In Kimball v. Village of Painted Post, 2018 WL 2944337 (2d Cir. June 11, 2018) (Summary Order), the court, inter alia, affirmed the dismissal of plaintiff’s hostile work environment claim.

In discussing plaintiff’s allegation of a hostile work environment based on pornography in the office, the court explained:

[Plaintiff] has failed to establish that any such incident occurred that was part of a practice that was either severe or pervasive enough for a reasonable jury to find that she experienced a hostile work environment after Yost’s retirement. Notably, Kimball did not testify that she saw pornographic images at her workplace after Yost retired. Instead, she averred that she discovered evidence suggesting that male officers were viewing pornography: she testified that, on “many” unspecified occasions in 2007 and 2008, she saw pornographic windows minimized on the toolbar of the computers at the police station, and the URLs of pornographic websites on occasion autopopulated when she used the work computers. App’x at 698-99. Her testimony is vague and conclusory, however. Although she testified that, on unspecified occasions, pornographic URLs autopopulated on the Department computers, the record does not suggest that these URLs were particularly graphic or degrading to women, nor does she describe the import of the URLs. The record falls short of supporting an inference of the severity needed to sustain her claims.

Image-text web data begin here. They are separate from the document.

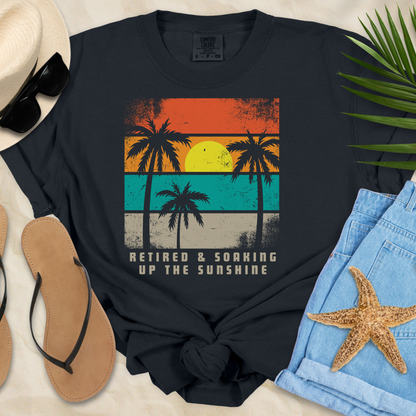 Retired & Soaking Up The Sunshine T-Shirt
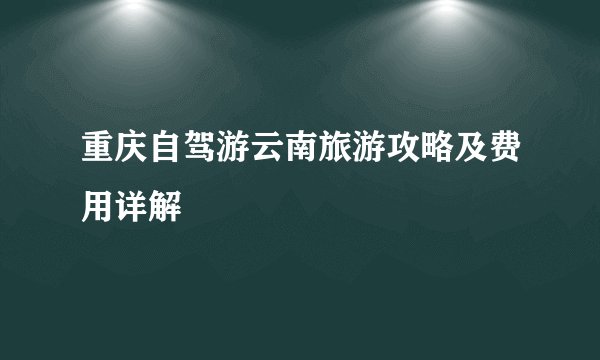 重庆自驾游云南旅游攻略及费用详解
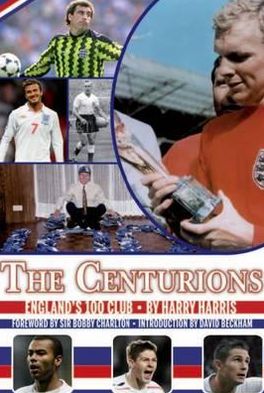 Cover for Harry Harris · Centurions: England's 100 Club (Hardcover Book) (2012)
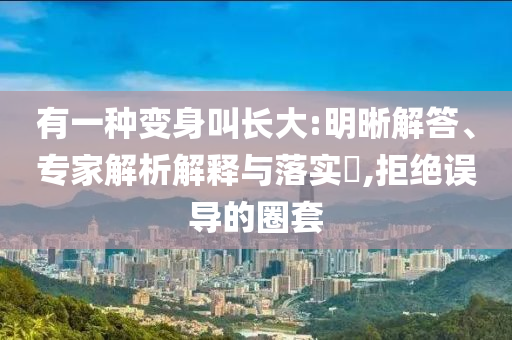 有一種變身叫長大:明晰解答、專家解析解釋與落實?,拒絕誤導的圈套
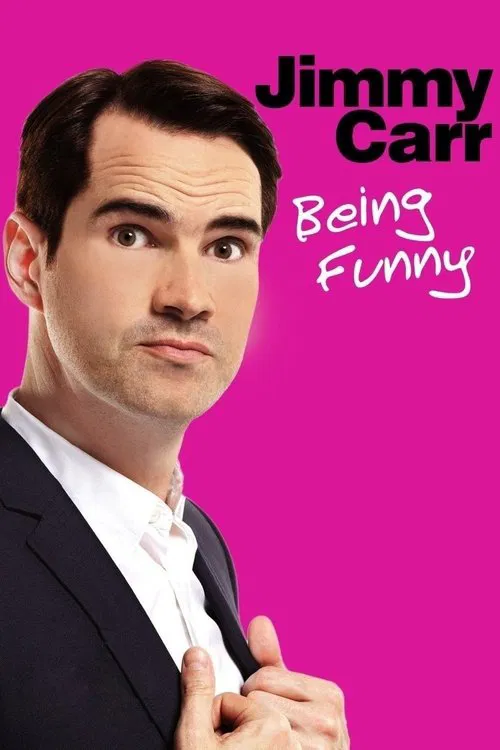 Jimmy Carr: Being Funny 포스터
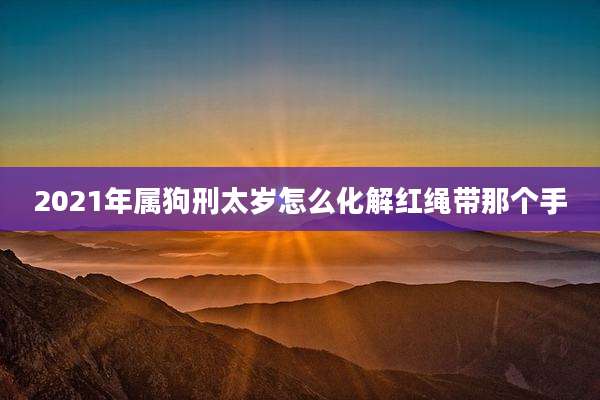 2021年属狗刑太岁怎么化解红绳带那个手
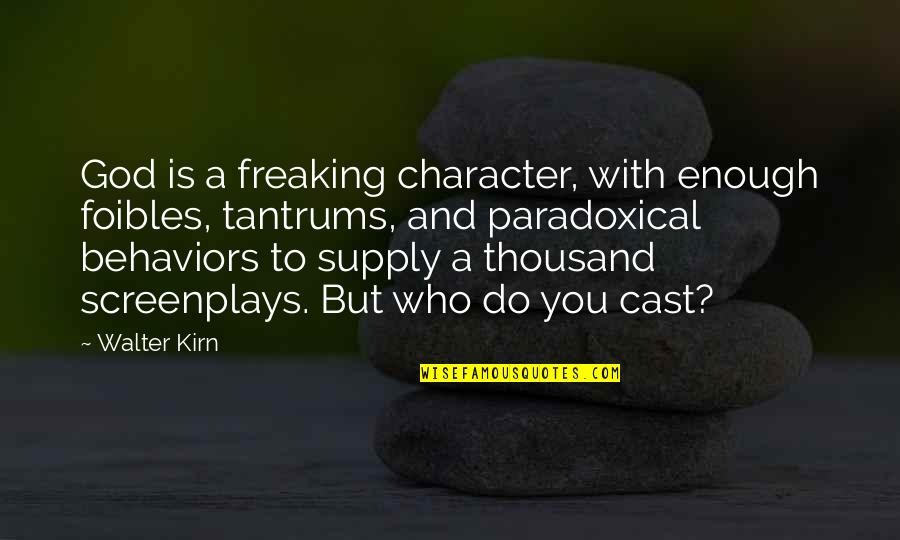 Online But No Message Quotes By Walter Kirn: God is a freaking character, with enough foibles,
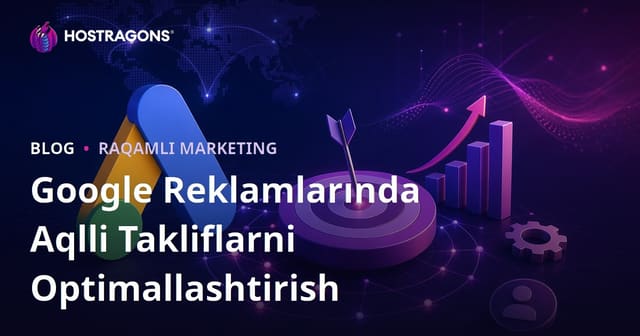 Google reklamalari uchun Smart Bidding strategiyalarini optimal qilish: 2026 uchun to‘liq yo‘l-yo‘riq
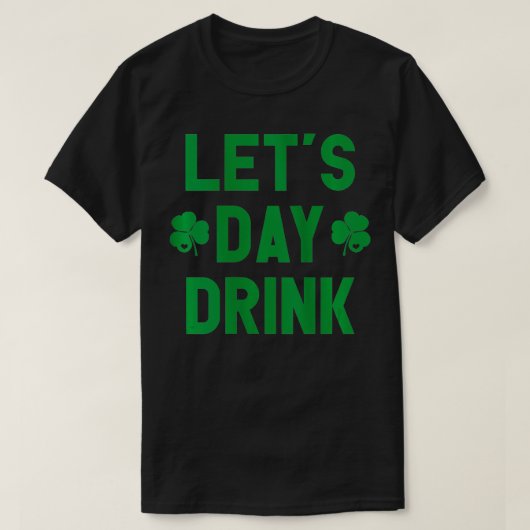 Womens Lets Day Drink I St Paddys Dag Groene Shamr T-shirt (Design voorkant)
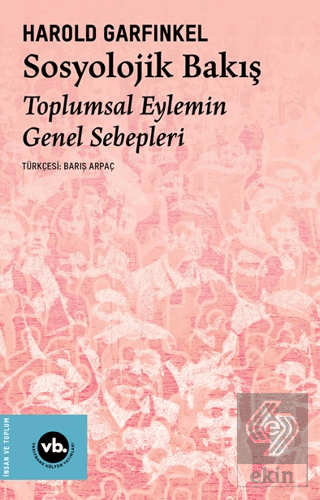 Sosyolojik Bakış Toplumsal Eylemin Genel Sebepleri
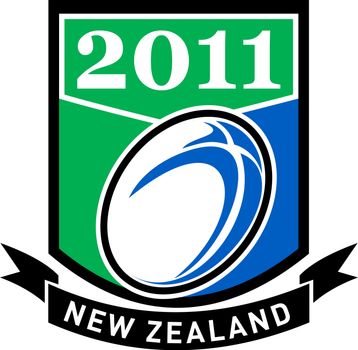 illustration of a rugby ball set inside shield with ribbon scroll and words "new zealand 2011"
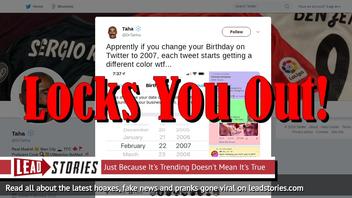 Fake News: Changing Your Birthday to 2007 on Twitter Will Not Unlock Different Colors -- Will Lock Your Account Instead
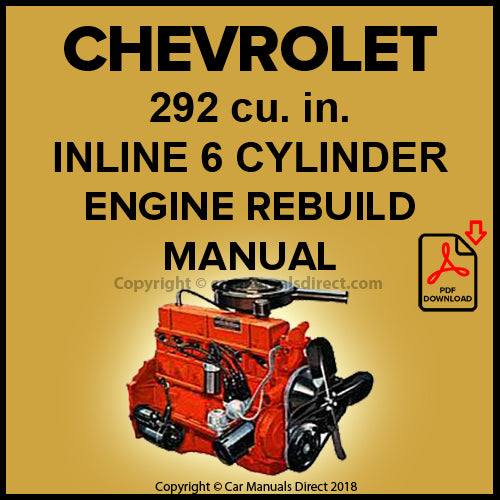 CHEVROLET 292 cu. in. 6 Cylinder Engine Factory Rebuild Shop Manual | carmanualsdirect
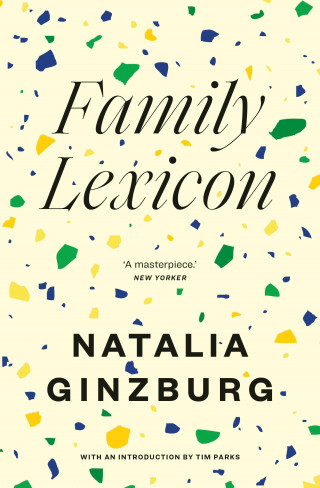 Natalia Ginzburg: Family Lexicon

Nor does the record support an inference that the pornography-viewing practice of which Kimball complains was “pervasive.” Kimball identified only two specific instances in two years in which she discovered evidence suggesting that other officers were viewing pornography on the Department’s computers (one in February 2007 and one on May 26, 2008). Although she testified that she saw such evidence of viewing pornography “many times,” her testimony is nonspecific and provides an inadequate basis for a jury determination that her colleagues’ viewing was so common in the workplace as to be nearly inescapable—in which case a hostile work environment may have existed—or whether Kimball saw it on a number of occasions, but infrequently over the full course of her employment at the Department. See App’x at 698. Accordingly, Kimball has not provided an adequate basis for a reasonable jury to find a hostile work environment.